Aw c’mon. You’ve seen it on TV. You’ve heard about it on radio. You read it in the New York Times. And on 100 zillion blogs. Do you really need more than one link – if that – to know what’s with Herman Cain?
He’s charming. He has this crazy plan to “flatten” taxes by making everybody pay a nine percent tax on everything from their income to their babies' infant formula and their blood pressure pills, and he’s pulled ahead of the Mad Doctor, the Dumb Texan who likes to execute people, and Clueless-About -History Michelle, and is now running neck and neck with Mitt (what kind of a name is Mitt? Have you ever met another Mitt?) …anyway, with Mitt Romney.
Then from out of the blue come revelations that way way, back, sometime in the 1980s when Herman was running a restaurant association, he was accused of sexual harassment of not one, not two, but at latest count three women. And, in the course of crafting a response to these revelations, Herman has forgotten that the truth is the only reliable guide to keeping your story straight.

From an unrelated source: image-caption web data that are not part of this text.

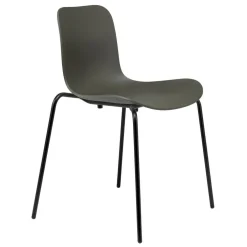 Langue Stack Stuhl Gestell schwarz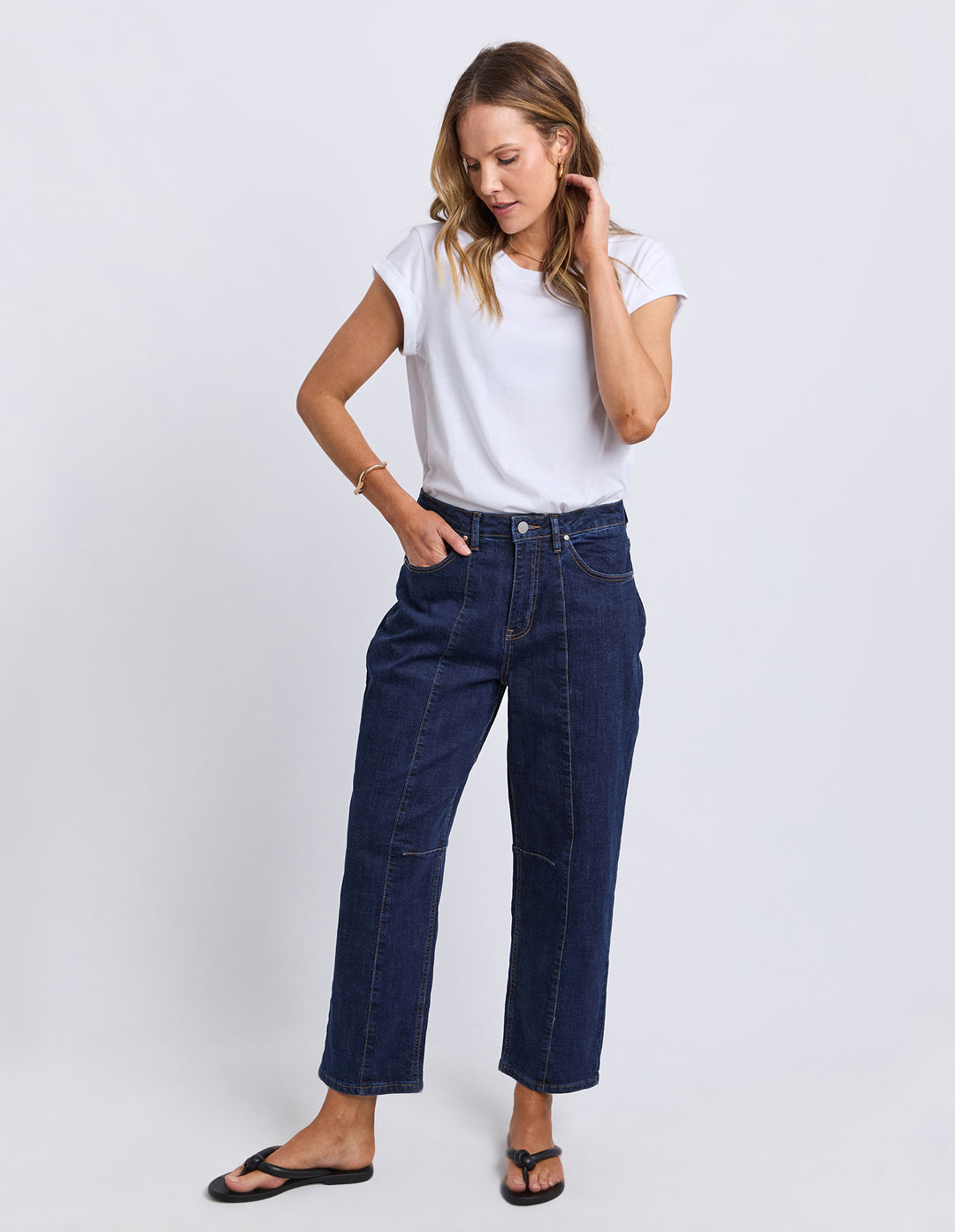 Foxwood | Ambrose Barrel Jean - Indogo Denim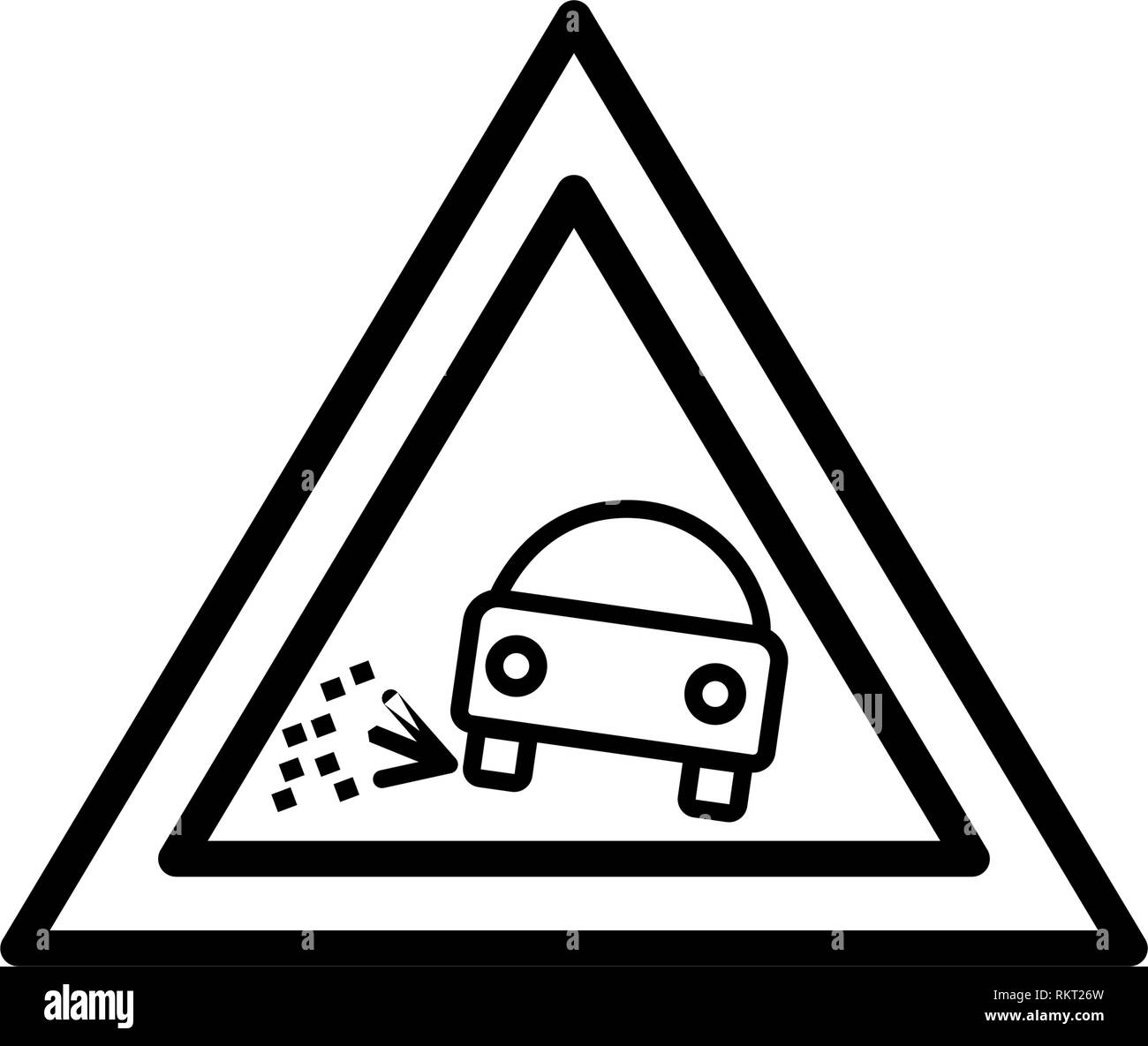 Vector perdere ghiaia icona Icona segno illustrazione vettoriale per un uso personale e uso commerciale... Look pulito e icona alla moda... Illustrazione Vettoriale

He didn’t remember it, he first declared. Then he sort of remembered it. Then he misremembered it. There was no settlement paid. Well there was something paid, but it wasn’t a settlement, it was an agreement or something. But he didn’t touch her. Well he may have made some gesture relating to showing one of the women the height of his wife. Well…
Yikes! I’m not going to go through all of it. I have a bigger question.
This has all the makings of
a trite detective novel
I keep hearing that some Republicans are saying the Democrats leaked the story, but that makes no sense at all. At least not yet. It is to Barack Obama’s advantage to have all the sharks in the Republican presidential pool going after one another as long as possible, spilling each others’ political blood, wrecking one-another’s images, smearing each other so that the Democrats won’t have to and can take the high road instead, come the presidential elections.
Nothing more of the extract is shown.